Background information
- Born: 21 September 1959 (age 66) Nottingham, England
- Genres: Sophisti-pop; pop;
- Occupations: Musician; composer; fashion designer;
- Instrument: Vocals
- Years active: 1984–present
- Labels: Avex Trax; Shanachie;
- Member of: Swing Out Sister
- Website: Official Swing Out Sister Website

= Corinne Drewery =

British singer

Corinne Drewery (born 21 September 1959) is an English singer-songwriter and fashion designer, best known for being the lead vocalist of the band Swing Out Sister.

==Personal life==
Drewery was born in Nottingham. She later moved to the Lincolnshire village of Authorpe and went to South Reston Primary School, then Monks' Dyke High School and King Edward VI Grammar School in nearby Louth, then Lincoln College. She grew up listening to classic pop standards, as her father played in a band that provided regular support to famous stars such as Tom Jones and Sandie Shaw. Drewery was strongly influenced by Northern soul, visiting performances at the Winter Gardens in Cleethorpes, and referred to Northern soul tracks during an extensive interview on BBC Radio Nottingham. Her mother, Elaine Drewery, a former singer, is the founder of Hedgehog Care in Authorpe. Her brother Anton was also a singer and musician whose debut studio album, With a Little Help, was released posthumously in August 2022, six months after his death. She married the other major member of Swing Out Sister, Andy Connell, in June 2026.

==Music==
In 1976, after leaving school, Drewery moved to London to study fashion at the Central Saint Martins College of Art and Design and eventually became a fashion designer. But she also sang for short periods with bands such as Working Week.
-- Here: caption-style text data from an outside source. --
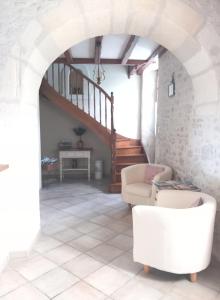 a living room with a staircase and a white chair at laferme de chez Piché in Chérac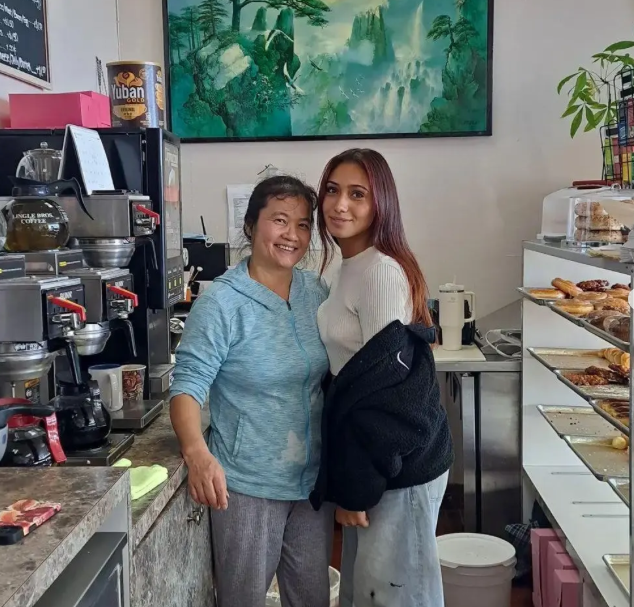 The owner of Donut House and a member of her team standing together behind the counter
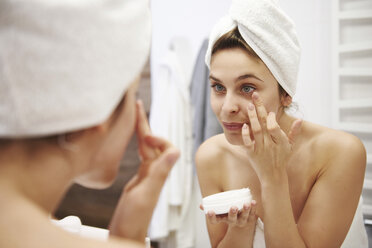 Mirror image of young woman applying moisturizer in bathroom - ABIF00986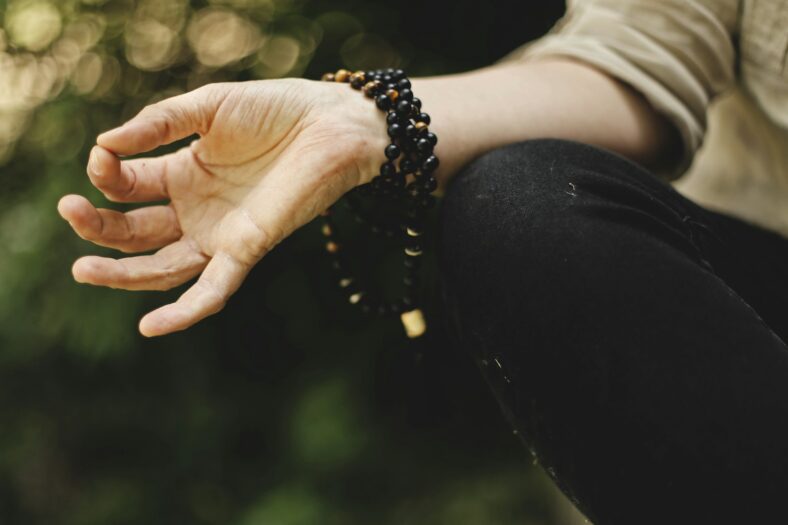 meditation beads on womans wrist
She first met Andy Connell and Martin Jackson in 1984 and together they formed Swing Out Sister. In 1986–87 the group achieved success on both sides of the Atlantic with "Breakout", the band's signature song.

Drewery is not only the band's lyricist, but its composer together with her musical partner, Connell.

In 1986, she provided additional vocals on the track "Bootsy" by Connell's former band A Certain Ratio. The song was released exclusively as a single in Australia and featured on their fifth studio album Force.

In 2022, Drewery sang with Ryan Bland of Ache on the 24-7 Spyz track "Angels & Demons."